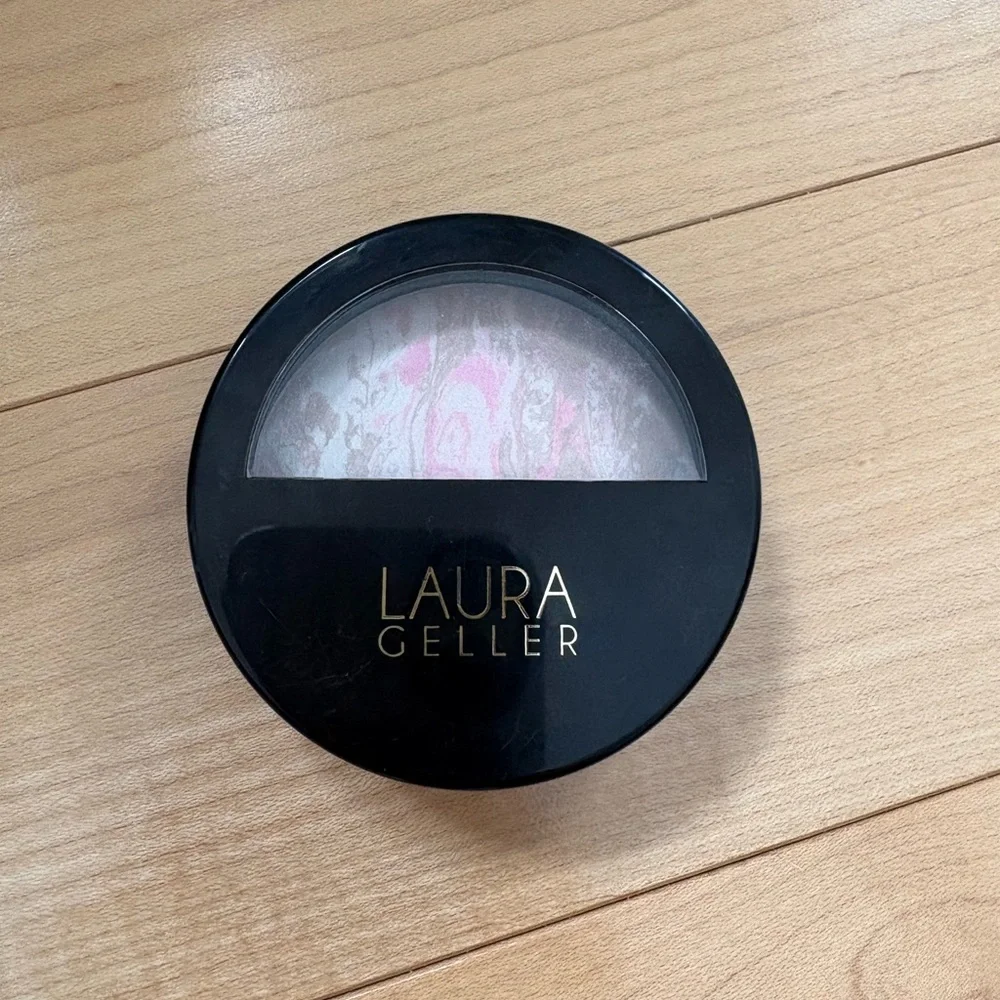 NEW Laura Geller Baked Balance-n-Brighten Color Correcting Foundation Porcelain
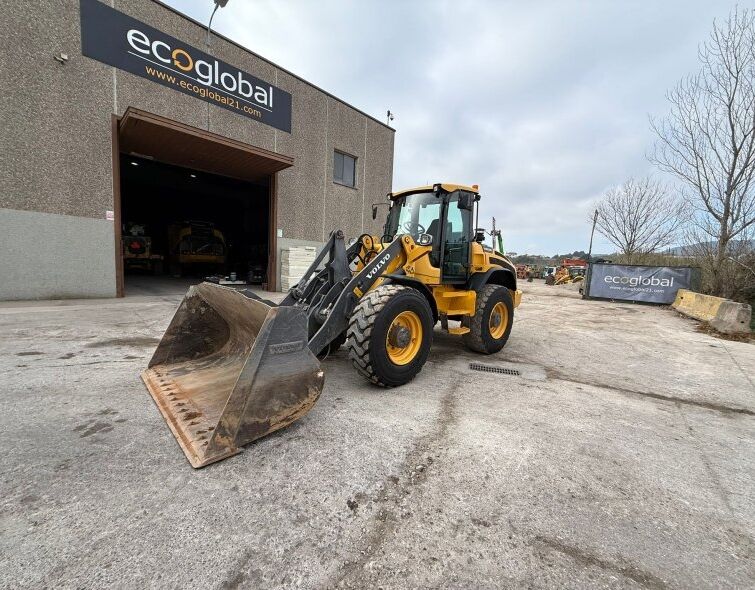 VOLVO L45G***ENREGISTRÉ***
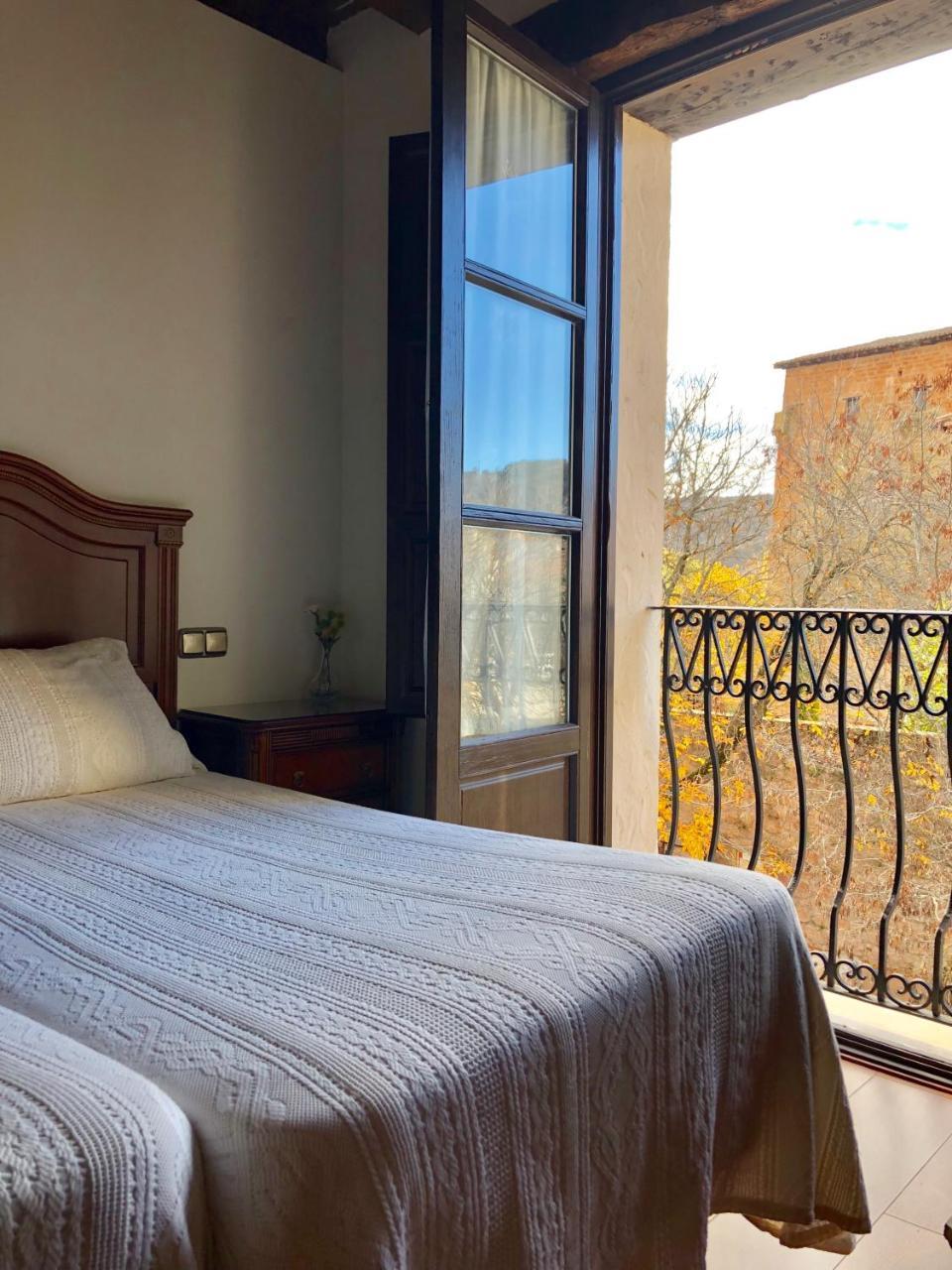 Hotel Rey Chindasvinto Covarrubias Bagian luar foto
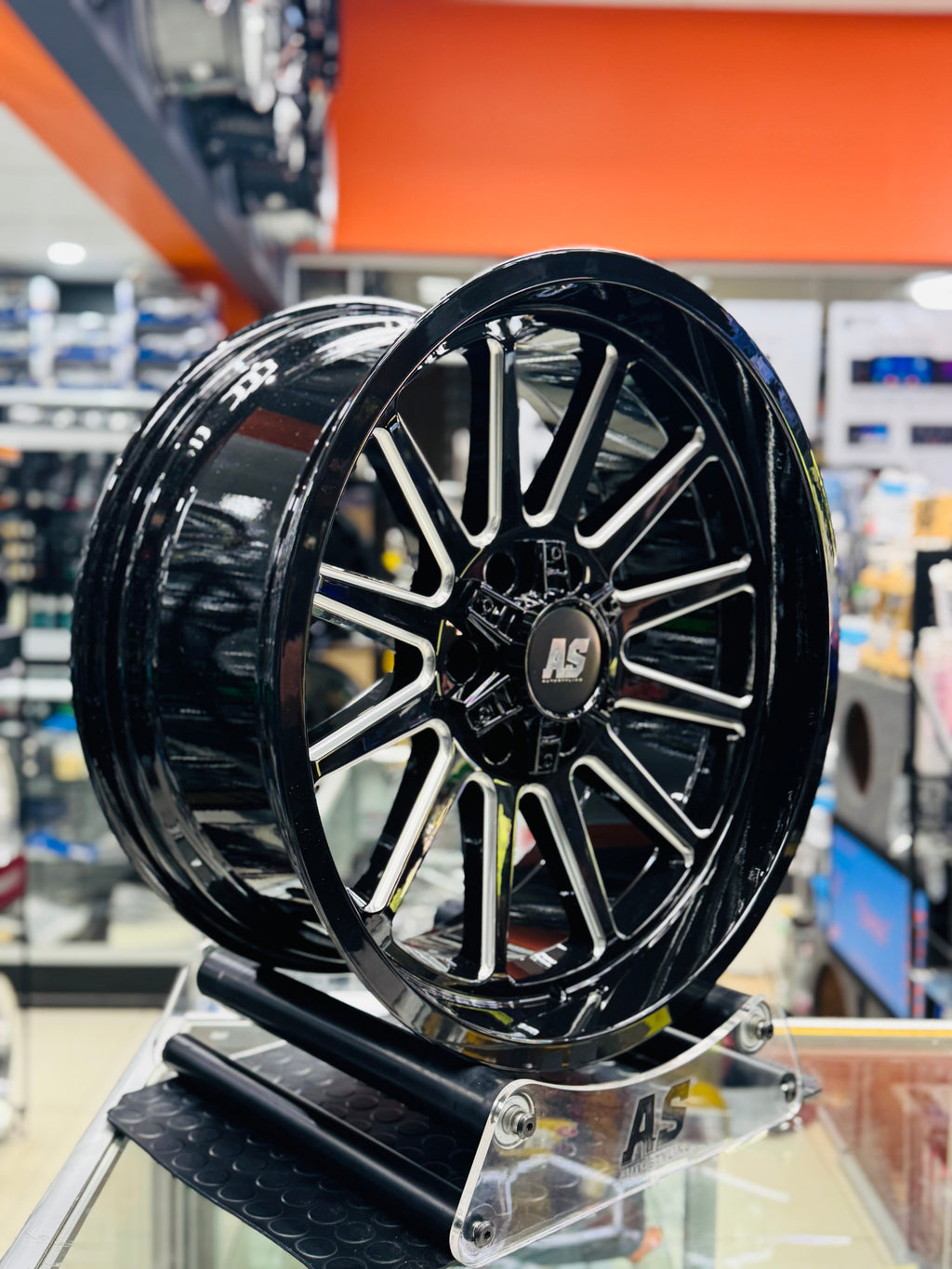 20” CONCAVO SERIES 320 GLOSS  BLACK BAKKIE RIMS 6/139 PCD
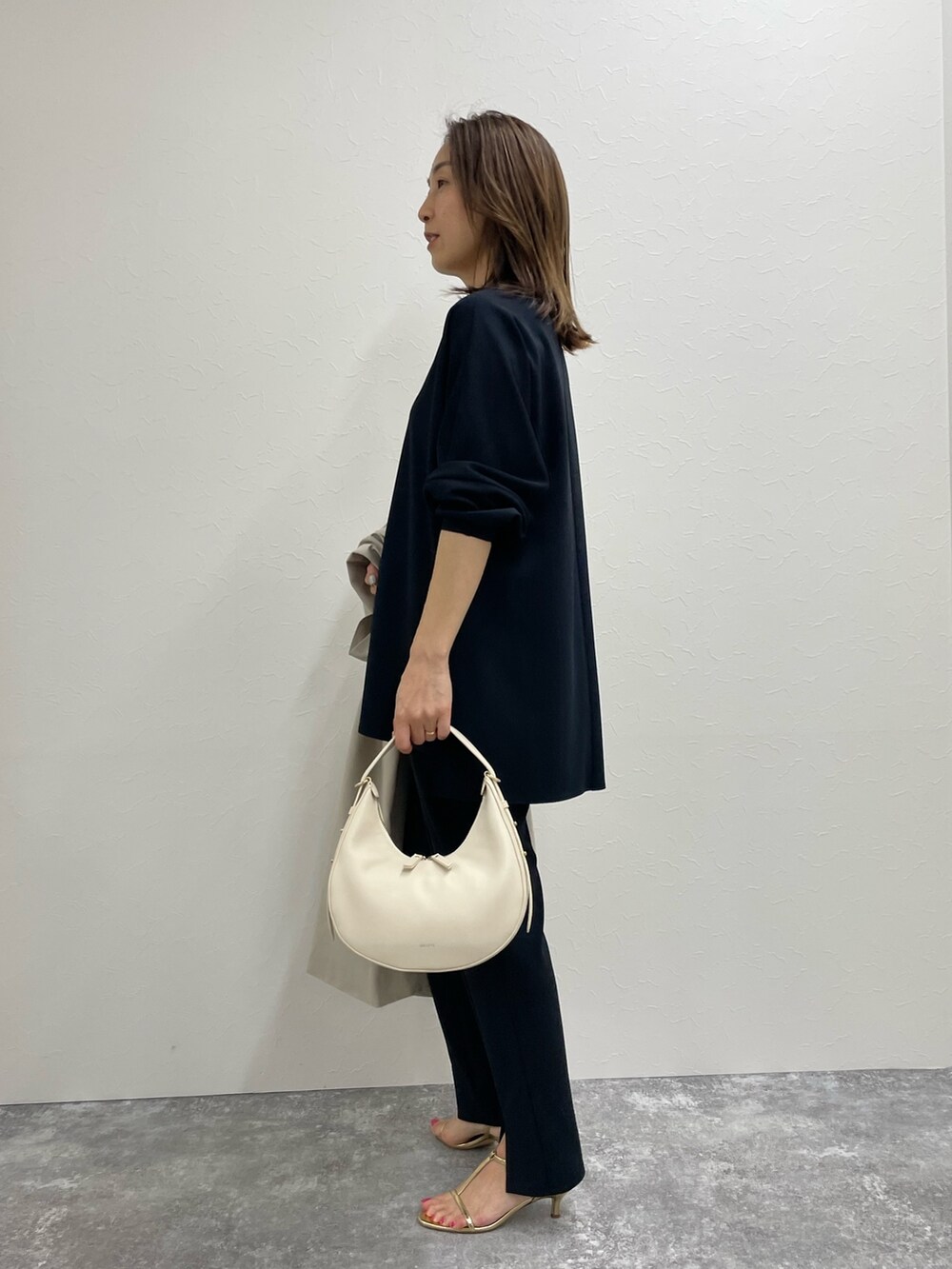 「お出かけコーデ、シンプルコーデ、卒業式、卒園式、ママコーデ、ママファッション、40代ファッション、セットアップ、スリットパンツ、チュニック、春コーデ、春アウター、トレンチコート、春色、ネイビー」｜「NOLLEY’Sの《セットアップ対応》ウォッシャブルカットジョーゼットVネックドルマンブラウス（シャツ/ブラウス、ブルー系）」を使った、ISHIDAさん（レディース・158cm）の冬コーディネートの3枚目の写真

● About this exercise
Repeat the entries verbatim; no pictures.

● Task solution
 NEW Laura Geller Baked Balance-n-Brighten Color Correcting Foundation Porcelain
 VOLVO L45G***ENREGISTRÉ***
 Hotel Rey Chindasvinto Covarrubias Bagian luar foto
 20” CONCAVO SERIES 320 GLOSS  BLACK BAKKIE RIMS 6/139 PCD
 「お出かけコーデ、シンプルコーデ、卒業式、卒園式、ママコーデ、ママファッション、40代ファッション、セットアップ、スリットパンツ、チュニック、春コーデ、春アウター、トレンチコート、春色、ネイビー」｜「NOLLEY’Sの《セットアップ対応》ウォッシャブルカットジョーゼットVネックドルマンブラウス（シャツ/ブラウス、ブルー系）」を使った、ISHIDAさん（レディース・158cm）の冬コーディネートの3枚目の写真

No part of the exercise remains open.